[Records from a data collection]
-=-=-

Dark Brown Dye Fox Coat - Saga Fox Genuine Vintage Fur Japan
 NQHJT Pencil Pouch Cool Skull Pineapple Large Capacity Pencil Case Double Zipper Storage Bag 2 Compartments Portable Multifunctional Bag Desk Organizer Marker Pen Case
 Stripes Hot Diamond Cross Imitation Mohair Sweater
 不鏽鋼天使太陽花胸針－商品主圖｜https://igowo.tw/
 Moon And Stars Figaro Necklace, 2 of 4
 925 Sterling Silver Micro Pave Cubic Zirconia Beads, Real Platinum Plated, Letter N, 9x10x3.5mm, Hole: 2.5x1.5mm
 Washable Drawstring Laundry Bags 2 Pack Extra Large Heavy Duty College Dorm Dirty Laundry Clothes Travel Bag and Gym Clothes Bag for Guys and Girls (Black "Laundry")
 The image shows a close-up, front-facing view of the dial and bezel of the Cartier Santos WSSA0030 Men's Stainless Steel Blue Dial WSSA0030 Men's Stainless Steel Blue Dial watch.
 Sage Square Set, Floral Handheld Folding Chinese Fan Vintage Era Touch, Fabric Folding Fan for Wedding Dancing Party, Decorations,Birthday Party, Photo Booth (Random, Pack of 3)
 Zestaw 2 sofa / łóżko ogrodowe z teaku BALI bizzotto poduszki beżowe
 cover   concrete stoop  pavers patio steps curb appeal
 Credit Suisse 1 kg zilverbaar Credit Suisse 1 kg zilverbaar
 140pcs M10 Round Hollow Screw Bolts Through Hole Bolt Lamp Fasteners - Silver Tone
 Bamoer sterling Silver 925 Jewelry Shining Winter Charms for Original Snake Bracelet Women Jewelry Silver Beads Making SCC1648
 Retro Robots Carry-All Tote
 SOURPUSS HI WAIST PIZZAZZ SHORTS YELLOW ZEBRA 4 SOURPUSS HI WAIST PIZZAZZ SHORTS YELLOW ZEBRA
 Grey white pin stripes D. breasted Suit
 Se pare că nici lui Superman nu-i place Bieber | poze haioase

-=-=-

| Work to complete |
Print the entries once more, character for character.

| Response area |
Dark Brown Dye Fox Coat - Saga Fox Genuine Vintage Fur Japan
 NQHJT Pencil Pouch Cool Skull Pineapple Large Capacity Pencil Case Double Zipper Storage Bag 2 Compartments Portable Multifunctional Bag Desk Organizer Marker Pen Case
 Stripes Hot Diamond Cross Imitation Mohair Sweater
 不鏽鋼天使太陽花胸針－商品主圖｜https://igowo.tw/
 Moon And Stars Figaro Necklace, 2 of 4
 925 Sterling Silver Micro Pave Cubic Zirconia Beads, Real Platinum Plated, Letter N, 9x10x3.5mm, Hole: 2.5x1.5mm
 Washable Drawstring Laundry Bags 2 Pack Extra Large Heavy Duty College Dorm Dirty Laundry Clothes Travel Bag and Gym Clothes Bag for Guys and Girls (Black "Laundry")
 The image shows a close-up, front-facing view of the dial and bezel of the Cartier Santos WSSA0030 Men's Stainless Steel Blue Dial WSSA0030 Men's Stainless Steel Blue Dial watch.
 Sage Square Set, Floral Handheld Folding Chinese Fan Vintage Era Touch, Fabric Folding Fan for Wedding Dancing Party, Decorations,Birthday Party, Photo Booth (Random, Pack of 3)
 Zestaw 2 sofa / łóżko ogrodowe z teaku BALI bizzotto poduszki beżowe
 cover   concrete stoop  pavers patio steps curb appeal
 Credit Suisse 1 kg zilverbaar Credit Suisse 1 kg zilverbaar
 140pcs M10 Round Hollow Screw Bolts Through Hole Bolt Lamp Fasteners - Silver Tone
 Bamoer sterling Silver 925 Jewelry Shining Winter Charms for Original Snake Bracelet Women Jewelry Silver Beads Making SCC1648
 Retro Robots Carry-All Tote
 SOURPUSS HI WAIST PIZZAZZ SHORTS YELLOW ZEBRA 4 SOURPUSS HI WAIST PIZZAZZ SHORTS YELLOW ZEBRA
 Grey white pin stripes D. breasted Suit
 Se pare că nici lui Superman nu-i place Bieber | poze haioase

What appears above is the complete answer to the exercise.